Task objective :: When you repeat the material, keep each line exact and omit the pictures.

Dataset excerpt ::
=======

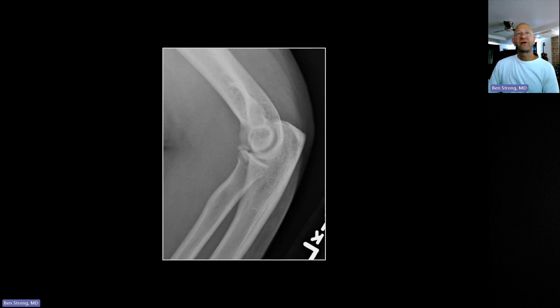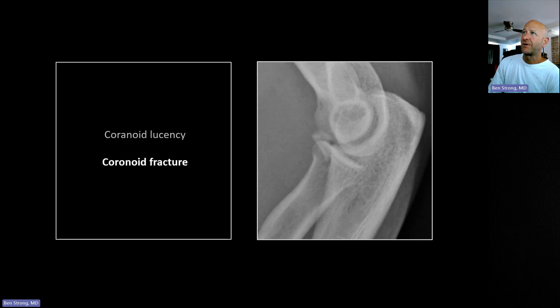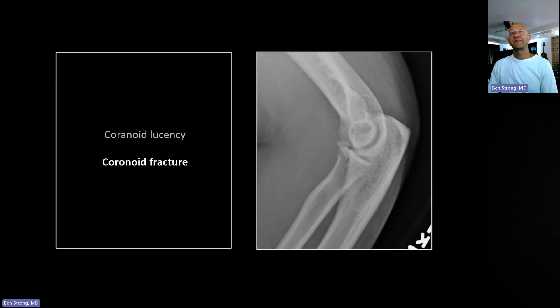The last elbow fracture is a coronoid process fracture. If you see an elbow effusion and can't identify a cause, and the mechanism isn't consistent with a radial head fracture (which is typically a FOOSH — fall on outstretched hand), get an oblique view. Obliques are part of many routine elbow series but not always. You will never see a coronoid process fracture on a straight lateral or frontal view; obliques are required to definitively diagnose these.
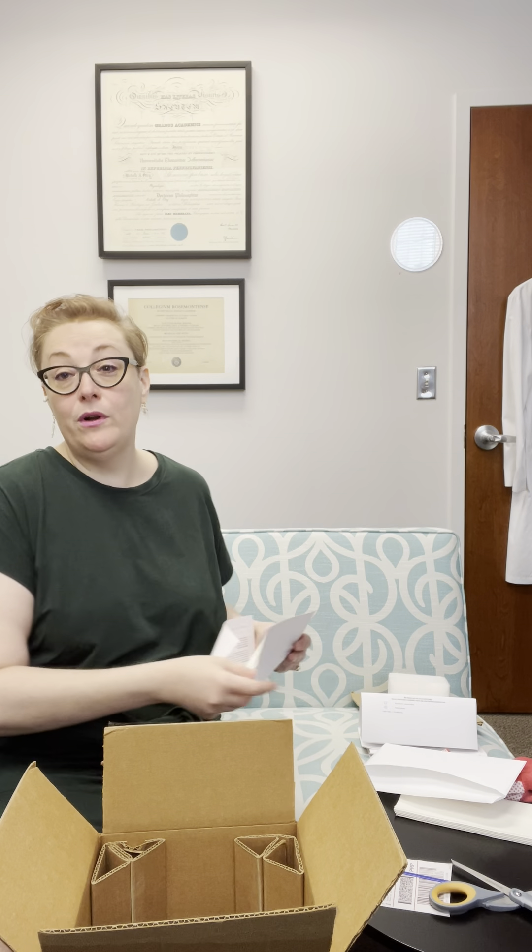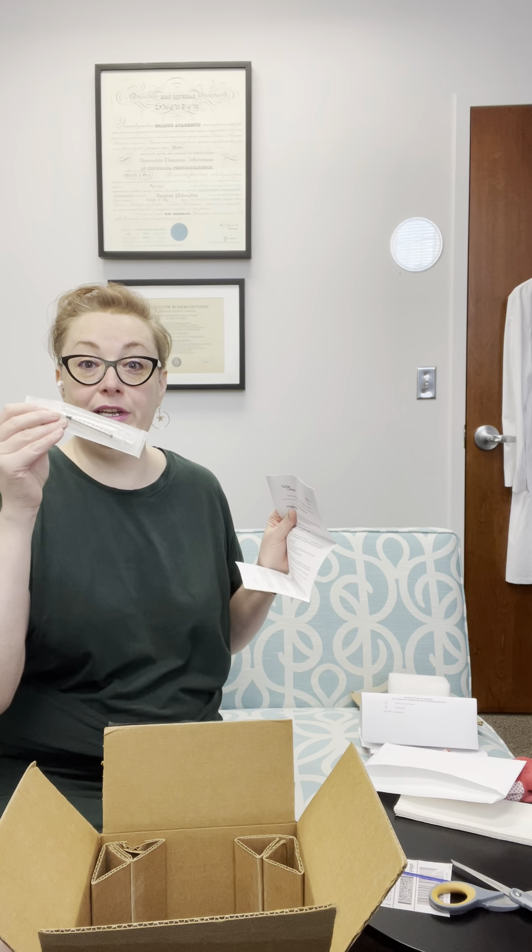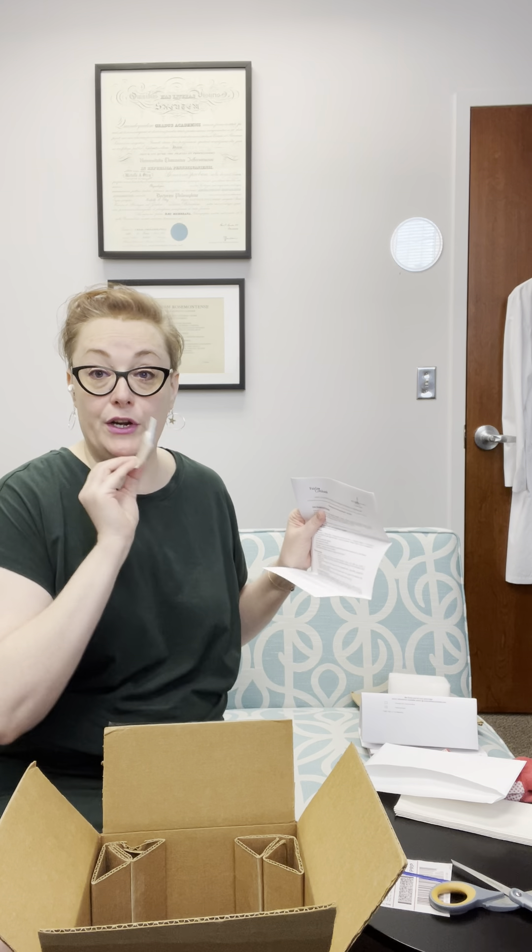It seems like a lot of paperwork because it is, but it's important and good because it covers all of the information you need to ensure you're getting what you ordered, that it's safe and ready to go. The last and most important part is your needleless syringe that you're going to use for your insemination — set that to the side — and you have instructions for home insemination that will go through everything you need.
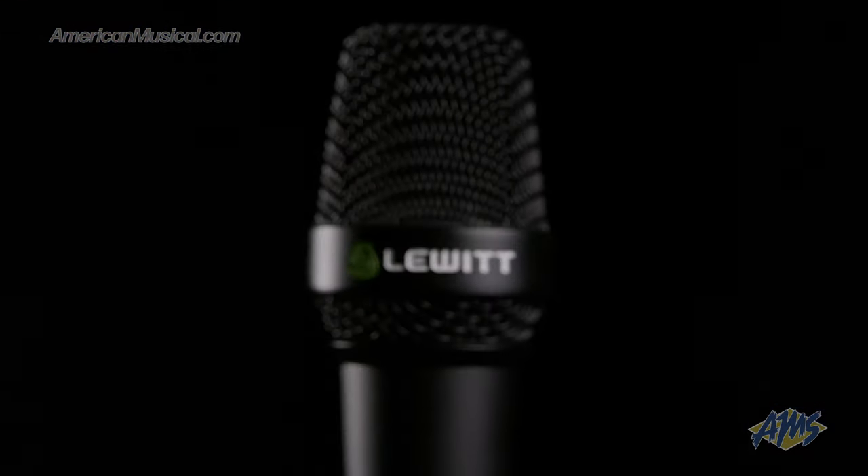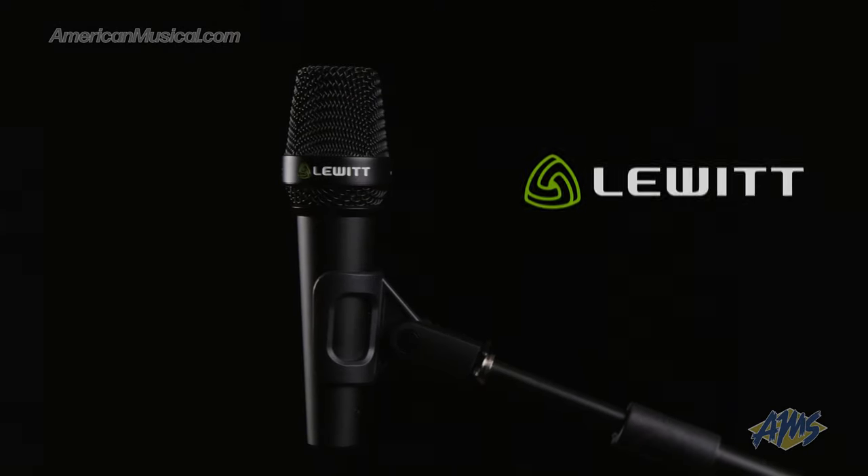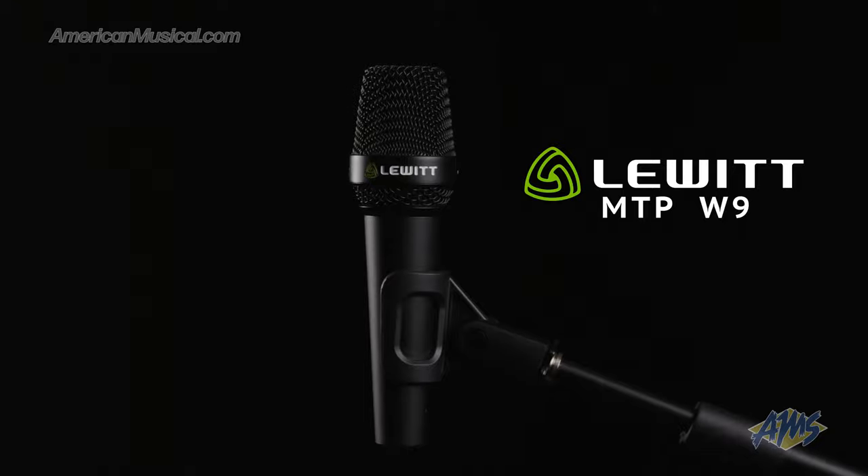Hey what's up everyone, Andrew from American Musical Supply here and in this video we're going to be taking a look at a handheld condenser microphone that's designed to bring studio sound to the stage. I'm talking about the Lewitt MTP-W950.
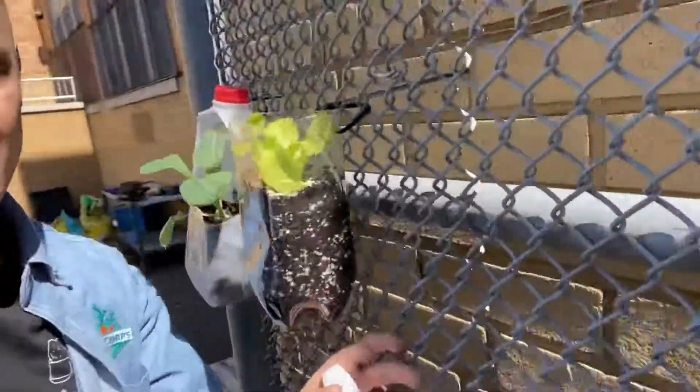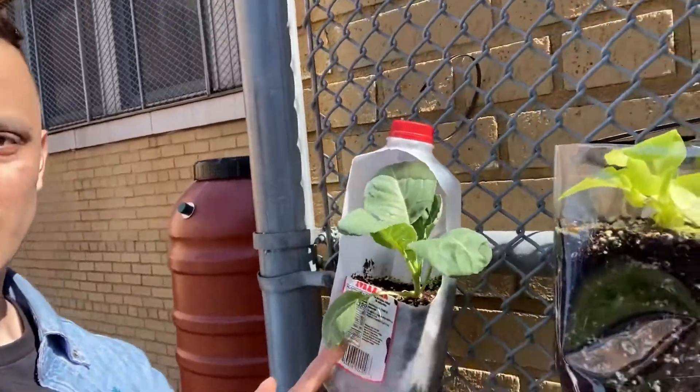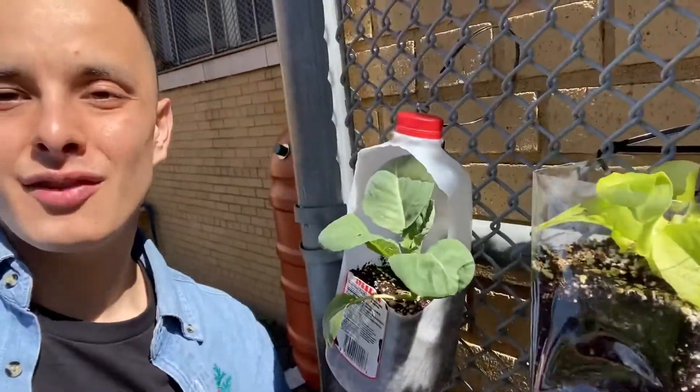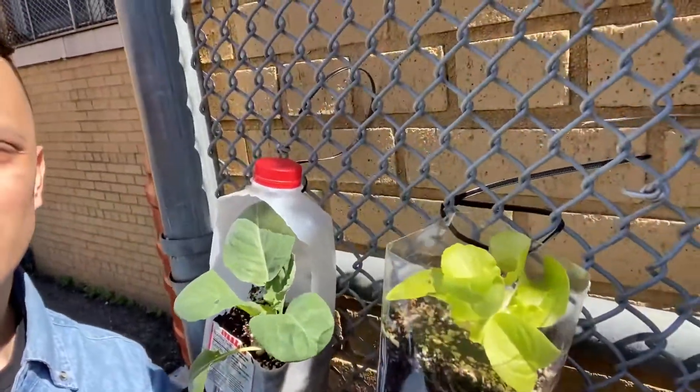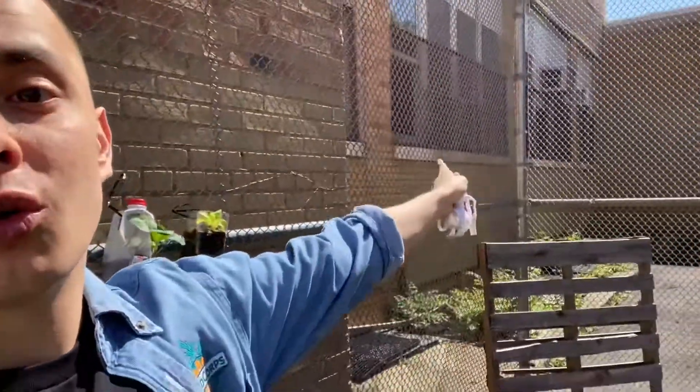Let me show you what I'm talking about. I have these two up here — one used to be a soda bottle, one used to be a milk jug. I turned them into planters by putting some holes on the bottom, filling them up with soil, cutting the tops off a bit, and putting some lettuce and cabbage in them. The whole idea is to fill this entire area with a bunch of repurposed planters filled with lettuce and all types of herbs and vegetables.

=======

Result for this task ::
The last elbow fracture is a coronoid process fracture. If you see an elbow effusion and can't identify a cause, and the mechanism isn't consistent with a radial head fracture (which is typically a FOOSH — fall on outstretched hand), get an oblique view. Obliques are part of many routine elbow series but not always. You will never see a coronoid process fracture on a straight lateral or frontal view; obliques are required to definitively diagnose these.
It seems like a lot of paperwork because it is, but it's important and good because it covers all of the information you need to ensure you're getting what you ordered, that it's safe and ready to go. The last and most important part is your needleless syringe that you're going to use for your insemination — set that to the side — and you have instructions for home insemination that will go through everything you need.
Hey what's up everyone, Andrew from American Musical Supply here and in this video we're going to be taking a look at a handheld condenser microphone that's designed to bring studio sound to the stage. I'm talking about the Lewitt MTP-W950.
Let me show you what I'm talking about. I have these two up here — one used to be a soda bottle, one used to be a milk jug. I turned them into planters by putting some holes on the bottom, filling them up with soil, cutting the tops off a bit, and putting some lettuce and cabbage in them. The whole idea is to fill this entire area with a bunch of repurposed planters filled with lettuce and all types of herbs and vegetables.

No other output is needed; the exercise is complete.